Vimos un aitona acercándose en un txintxorro hasta su embarcación y nos dio envidia porque la soledad y la calma en la mar son más soledad y más calma que en ninguna otra parte.
Terminamos la recta del puerto y giramos hacia la zona más encantadora de San Pedro, donde está el embarcadero de la motora que se mueve todo el día como una pelota de ping pong entre San Pedro y San Juan.
– Quedó maja esta plazoleta –le dije a Juan, y él asintió con el gesto, separándose de mí para acercarse al urinario público.
– La verdad es que sí. Fíjate en la casa nueva esta que han hecho. Para un sanpedrotarra debe de ser lo más vivir aquí –me contestó al regresar.
– Además, las vistas son inmejorables –rubriqué yo, que tengo familia y querencia por San Juan.
Riendo nuevamente empezamos a correr hacia el final de San Pedro, en alegre retroceso, dejando adelante las instalaciones del club de remo del pueblo, en las que bullía la actividad y los seniors se preparaban para sacar su trainera –La Libia– al agua.
La carretera de asfalto se estrecha en este tramo y luego serpentea ligeramente entre la pared del monte Ulía y algunas naves industriales. Finalmente desemboca en un remodelado espacio abierto lleno de bancos, coqueto y agradable para los paseantes y los pescadores. El día fresco y sano se sumaba a lo que debían de ser unas buenas condiciones, pues eran muchos los arrantzales que iban apareciendo ante nuestra mirada a medida que retrocedíamos junto al perímetro costero.

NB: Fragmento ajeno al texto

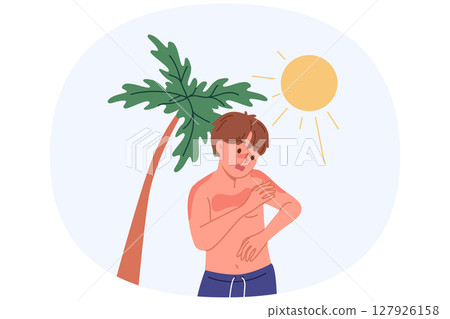 Boy received sunburn due to ultraviolet allergy or heliophobia, standing on beach with palm tree Boy received sunburn due to ultraviolet allergy or heliophobia, standing on beach with palm tree 127926158
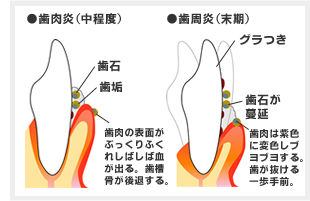 歯周病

Me produjo un curioso placer la variedad de sensaciones que sentí recorriendo la recta: la visión de las cañas erguidas rasgando el aire, el sonido de alguna pieza capturada sacudiéndose en el interior del cesto de mimbre, el olor duro a sal de las cabezas de sardina que se usan como cebo. Todo fue quedando adelante en nuestro retroceso.
Aceleramos un poco más, animados por la intuición de una inminente llegada. Íbamos tan volcados en el sprint y tan de espaldas, que no nos percatamos de que uno de los pescadores había echado su caña hacia atrás y el cordón de pita con su pequeño garfio en el extremo se interponía en nuestra trayectoria. Llegamos hasta su posición en el momento en que el arrantzale lanzaba el bambú hacia delante con un movimiento rápido y seco al objeto de que el anzuelo alcanzara una posición lejana en la bocana. No sentí dolor en el momento, pero sí una dentera enorme, como cuando me rompí la nariz y en la cura salió limpiamente el tapón de algodón que asomaba por la fosa y el resto, en cambio, bien intrincado hasta el tímpano, fue arrastrándose con su sangre reseca por el interior de mi cabeza provocándome una náusea profunda.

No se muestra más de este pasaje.